Retype, exactly and with nothing added, the lines from the one showing "Casa Rural 3" through the final line of the material. Omit pictures.

□ □ □ □ □ □ □

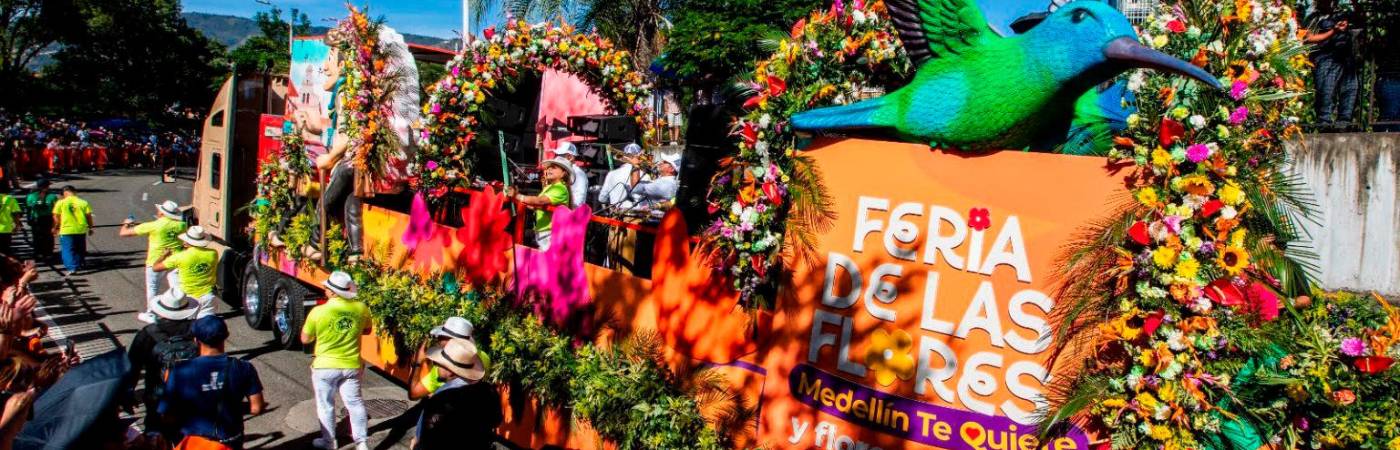 ¡Baile, alegría y mucha música... así se vivió el Desfile Avenida Primavera 2026!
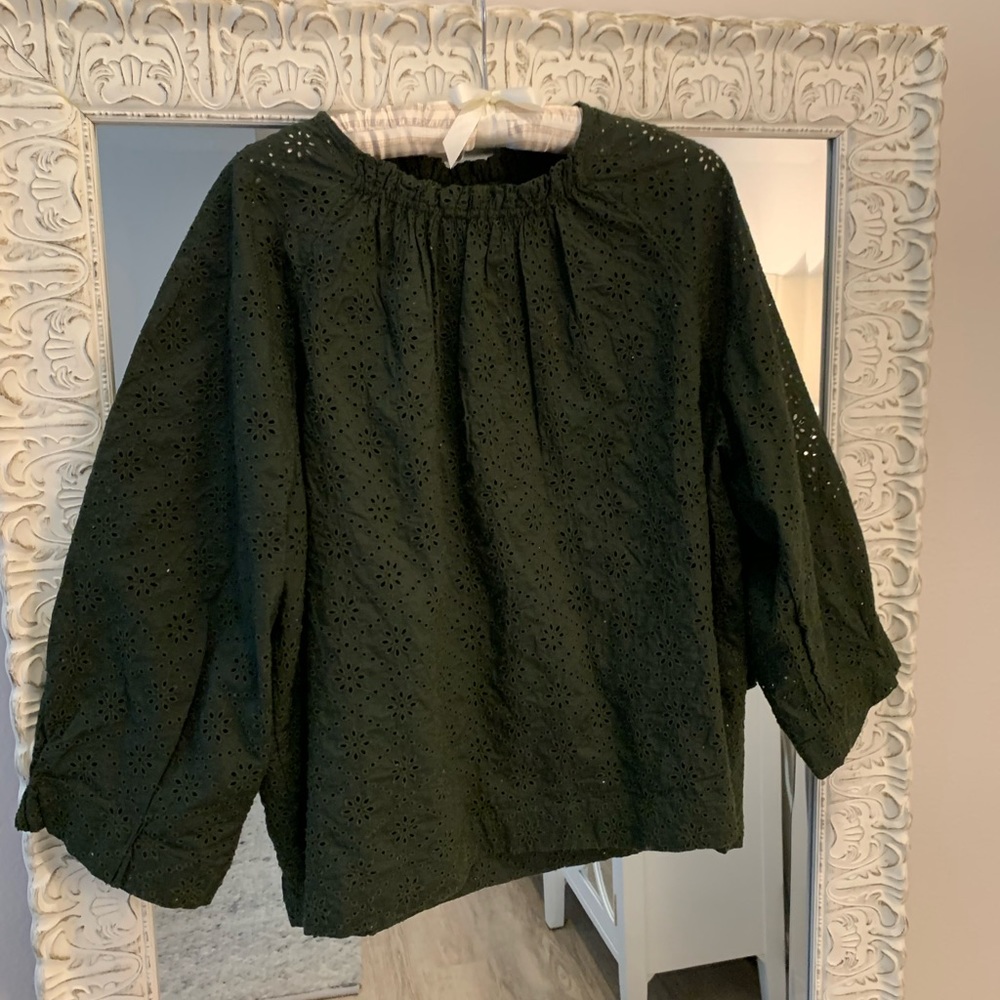 Moss green eyelet blouse by Gap. Gathered feminine neck. For work and play.
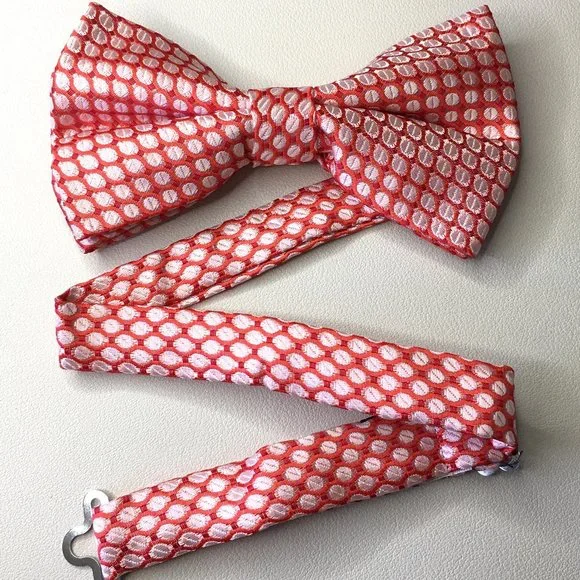 JON VANDYK HOLLAND Vintage Vibe Semi-Butterfly Bow Tie ▶◀ 𝔹ℝ𝔸ℕ𝔻 ℕ𝔼𝕎!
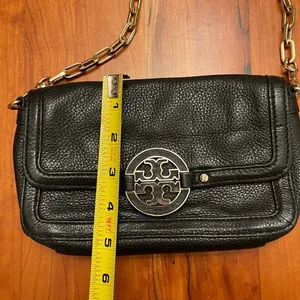 Tory Burch Crossbody in Black and Gold thumbnail 7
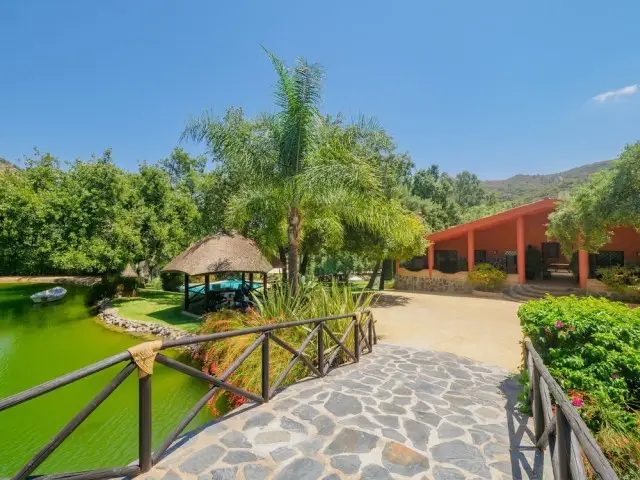 Casa Rural 3 Dormitorios Coin España Ideal Familias Piscina Lago Barbacoa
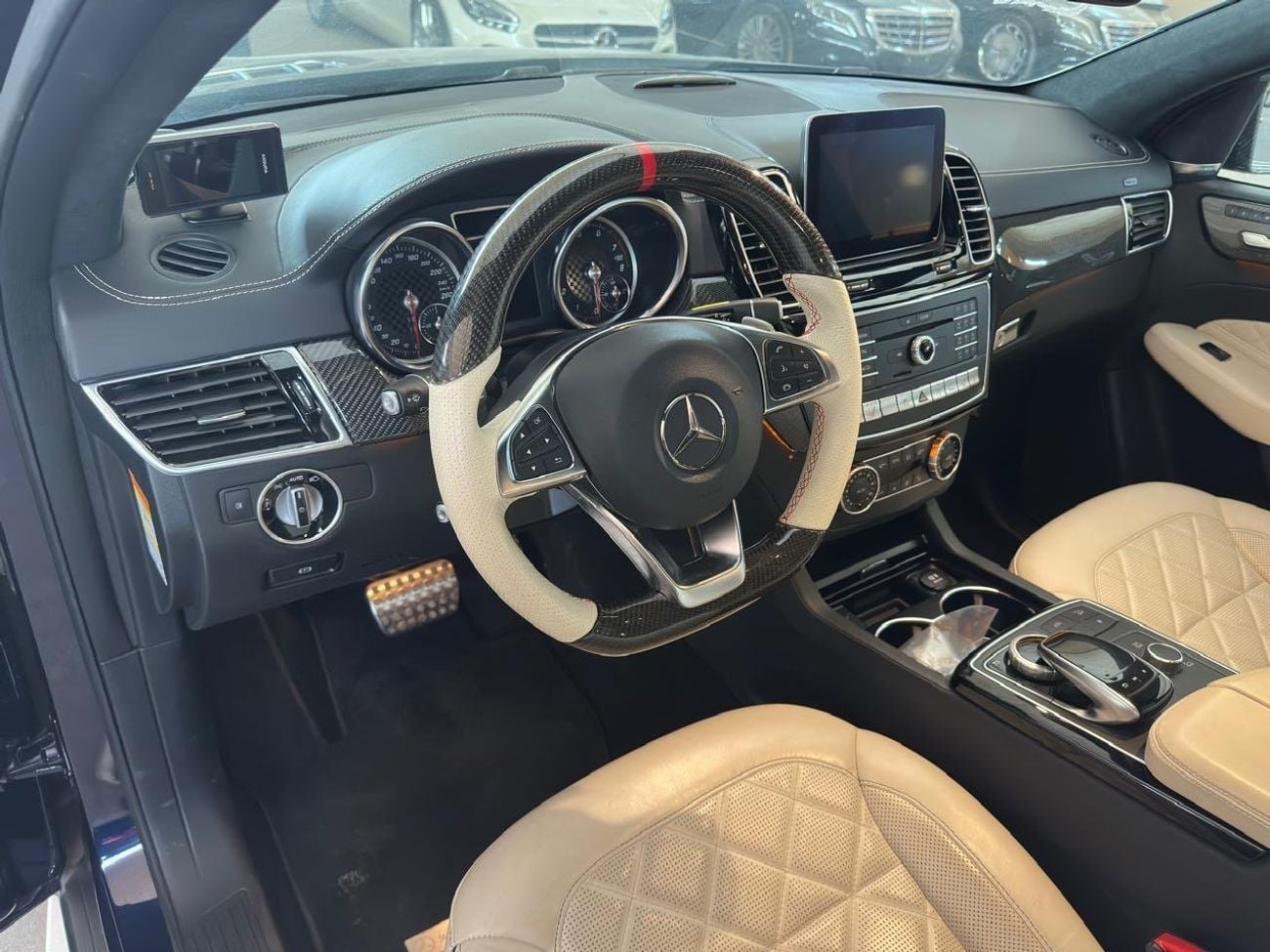 Mercedes Benz GLE43 AMG STD Coupe 3.0L MERCEDES GLE 43 AMG COUPE 2017 | CAVANSITE BLUE PAINT | DESIGNO PACKAGE | CARBON INTE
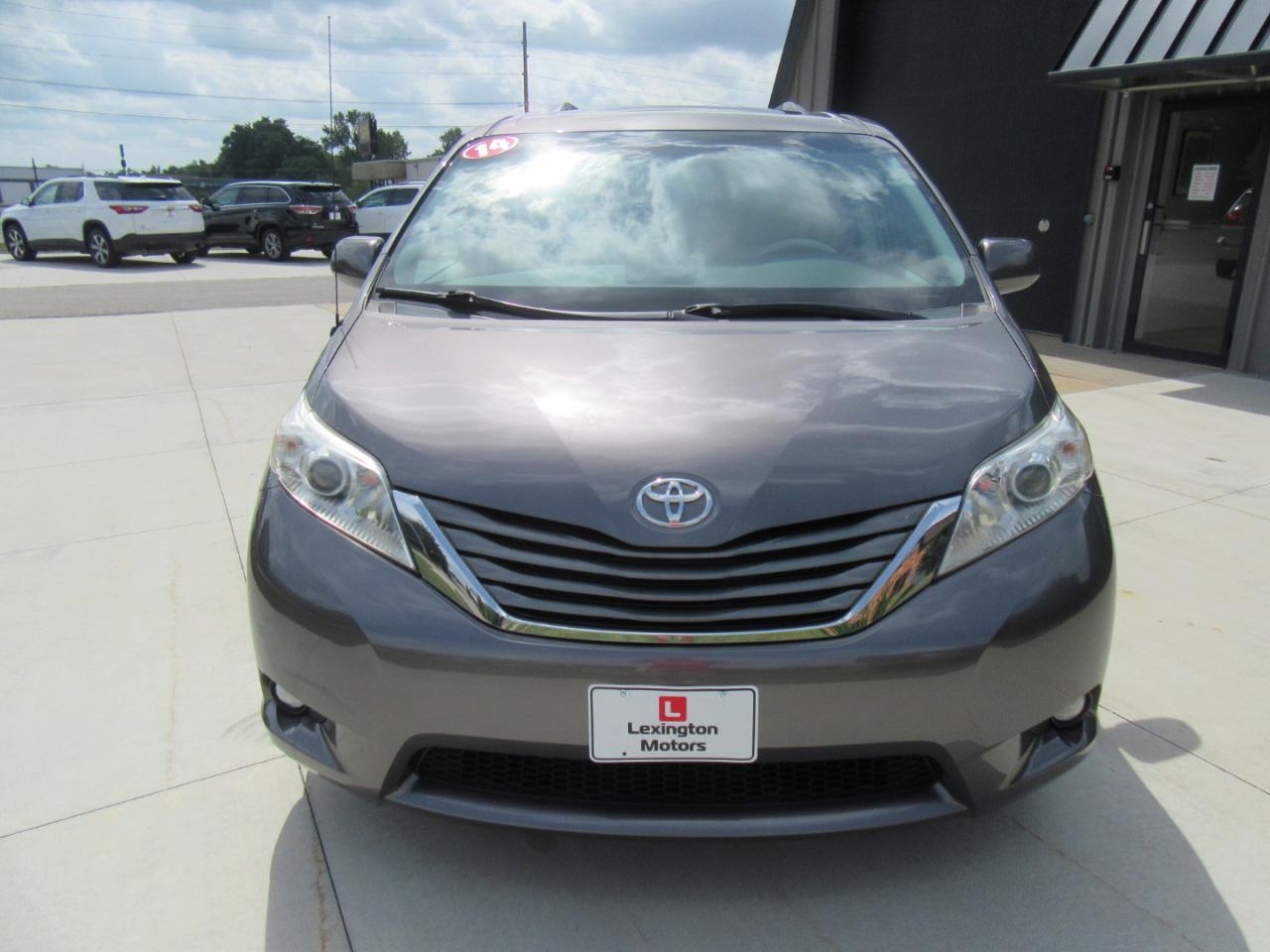 Toyota Sienna XLE AWD 7-Passenger V6 2014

□ □ □ □ □ □ □

● Exercise output
 Casa Rural 3 Dormitorios Coin España Ideal Familias Piscina Lago Barbacoa
 Mercedes Benz GLE43 AMG STD Coupe 3.0L MERCEDES GLE 43 AMG COUPE 2017 | CAVANSITE BLUE PAINT | DESIGNO PACKAGE | CARBON INTE
 Toyota Sienna XLE AWD 7-Passenger V6 2014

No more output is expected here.